Ethnic diversity is linked with low quality institutions and poorer economic performance (Alesina and Zhuravskaya, 2011; Easterly and Levine, 1997). Higher income gap is observed in such fragmented societies (Perera and Lee, 2013). The literature suggests that ethnic fragmentation is associated with lower school funding and facilities that might effect universal primary education (Churchill et al., 2020; Miguel and Gugerty, 2005). Further, ethnic fragmentation is associated with wider gender gaps through its role in strengthening social and cultural norms that maintain the prevailing gender gaps (Awaworyi Churchill et al., 2019). Gender gaps have been asserted to be deeply rooted in social and cultural norms, reflecting the institutionalise disposition toward gender equality (Hiller, 2014). For instance, certain social norms and religious preferences hinder gender equality. For example, the prevalence of domestic violence, the notion of women staying at home and men as a breadwinner in certain societies reduces her participation in social and economic activities (Ahmed Salim, 2016; Easterly and Levine, 1997; Heintz et al., 2006).

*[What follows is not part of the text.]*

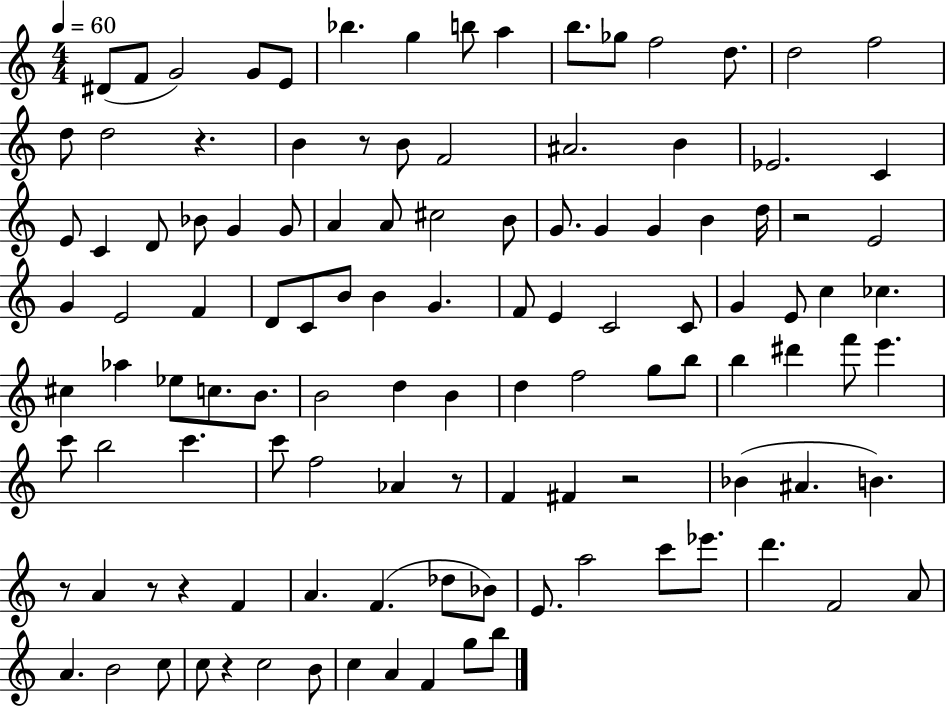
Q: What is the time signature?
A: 4/4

Although, social and cultural norms generally tend to widen gender gaps. However, there is some evidence where social norms promote gender equality. For example, Beaman et al. (2012) show that exposure to female leadership in daily life positively influence girls educational attainment and career aspirations. Also, it reduces male prejudice resulting in more gender equality. Similarly, Kabeer (2016) in her study suggest that partner of working wives raised by working women tends to be more supportive resulting in gender equality.
‘Intersectionality’ derived from feminist theory has been used as a useful lens to view the relationship between social categorisation such as race, ethnicity, gender, and class (Bose, 2012; Collins, 2002). Intersectionality refers to the idea that how intersecting power relations effect social categories across diverse groups, including the individual experiences in daily life. As an analytic tool, intersectionality considers social categories, principally those that involve power or inequality, such as race, ethnicity, class, gender, sexuality, nation and ability, and age-among others- as interrelated and mutually shaping one another. Intersectionality is a method of having knowledge and illustrating the complexities of the world in people and human experiences.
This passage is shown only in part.